Exact copies of all the lines below are wanted, without a single picture.

Information shown Start Marker

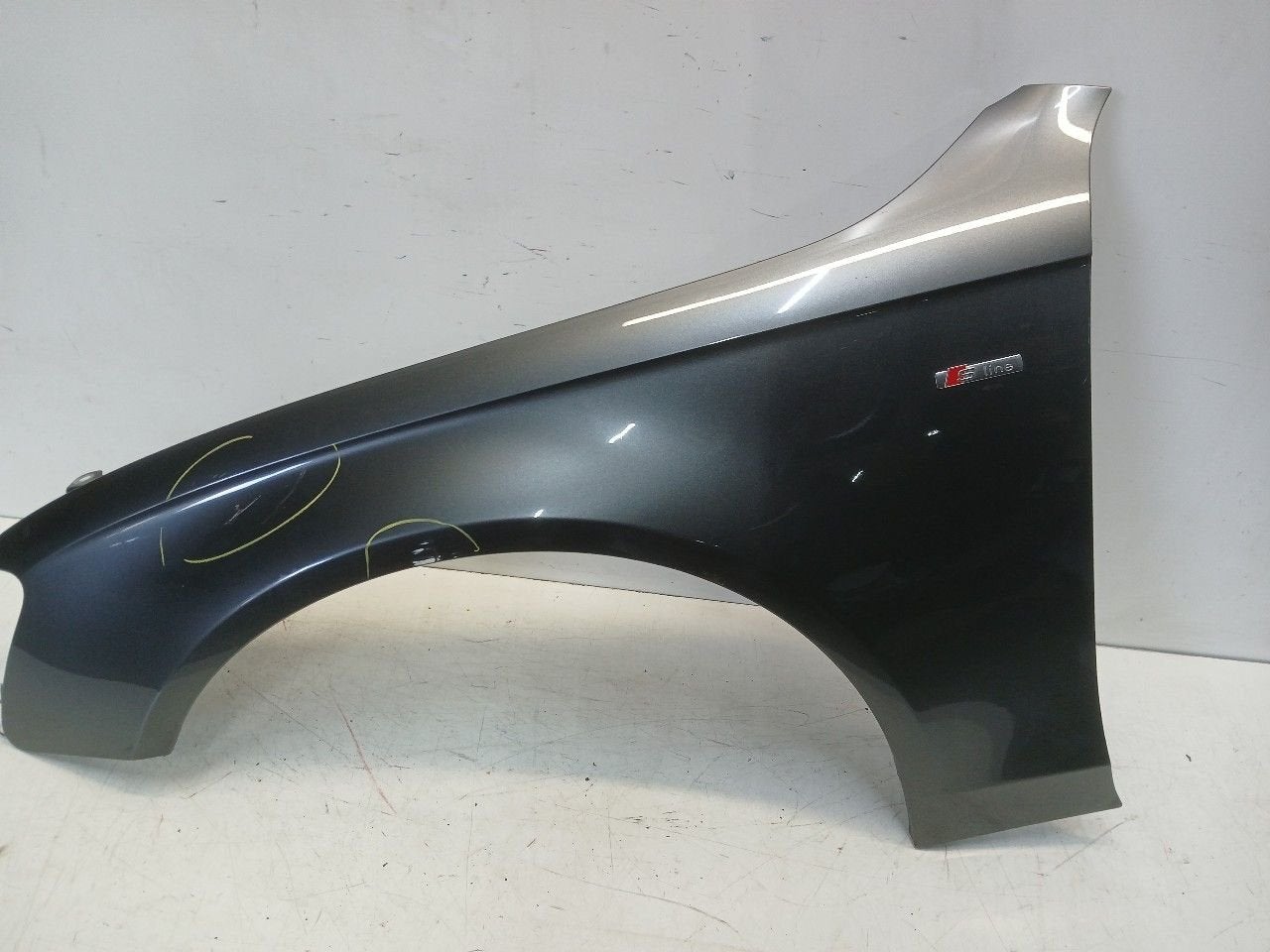 Spatbord links voor Audi A4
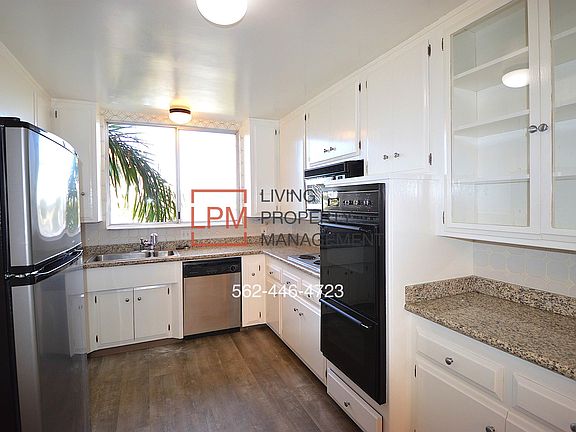 5th image of 2662 E 2nd St Unit B3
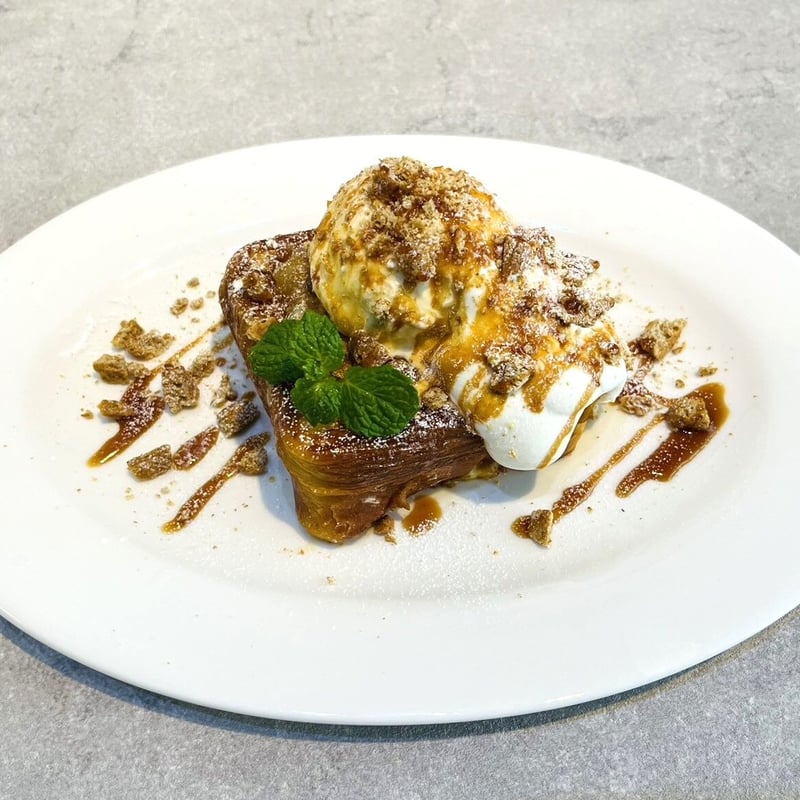 アップルシナモンのデニッシュフレンチトースト | CREATIVE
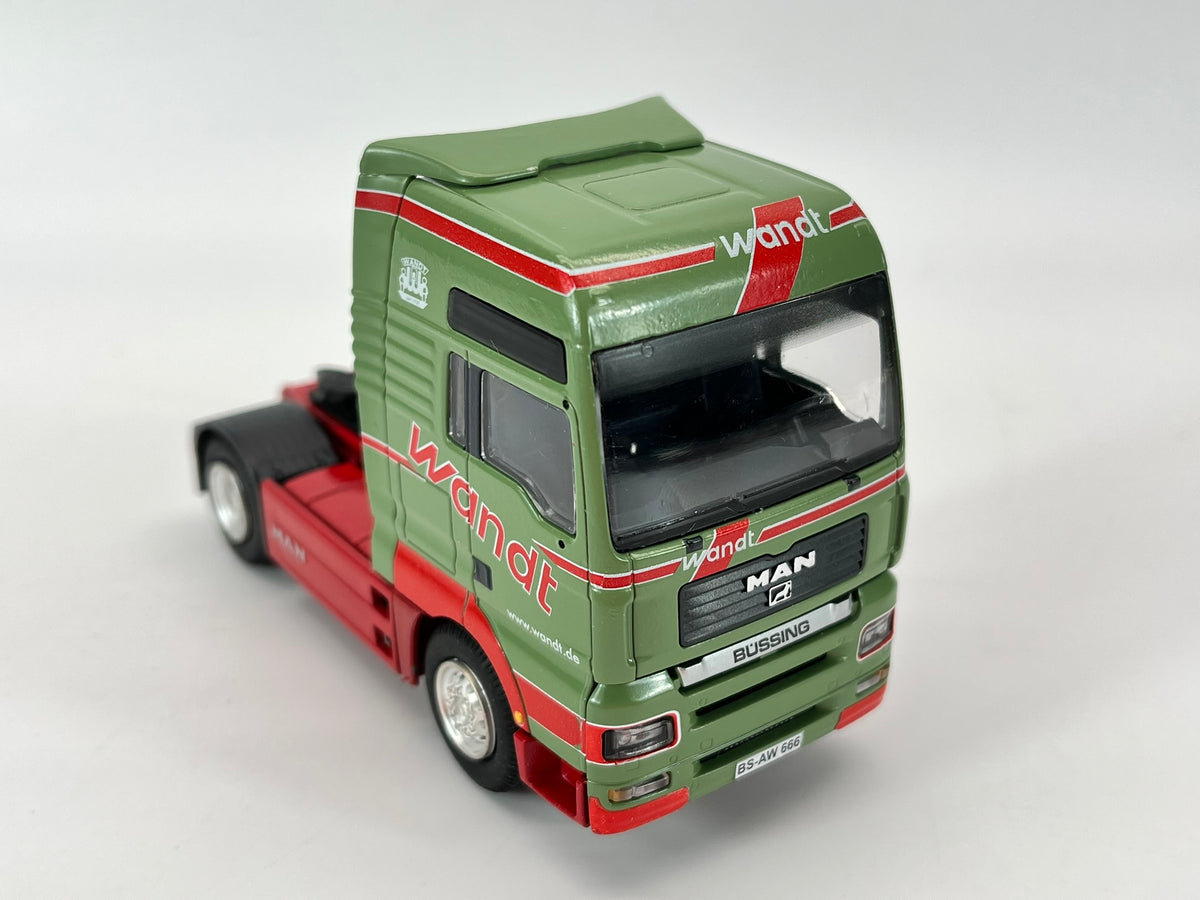 Conrad MAN TGX 41 Sattelzug „Wandt Spedition“ – Diecast Sammlermodell im Maßstab 1:50, Art. 6607/0 – Ansicht 4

Information shown End Marker

- _Answer box_
 Spatbord links voor Audi A4
 5th image of 2662 E 2nd St Unit B3
 アップルシナモンのデニッシュフレンチトースト | CREATIVE
 Conrad MAN TGX 41 Sattelzug „Wandt Spedition“ – Diecast Sammlermodell im Maßstab 1:50, Art. 6607/0 – Ansicht 4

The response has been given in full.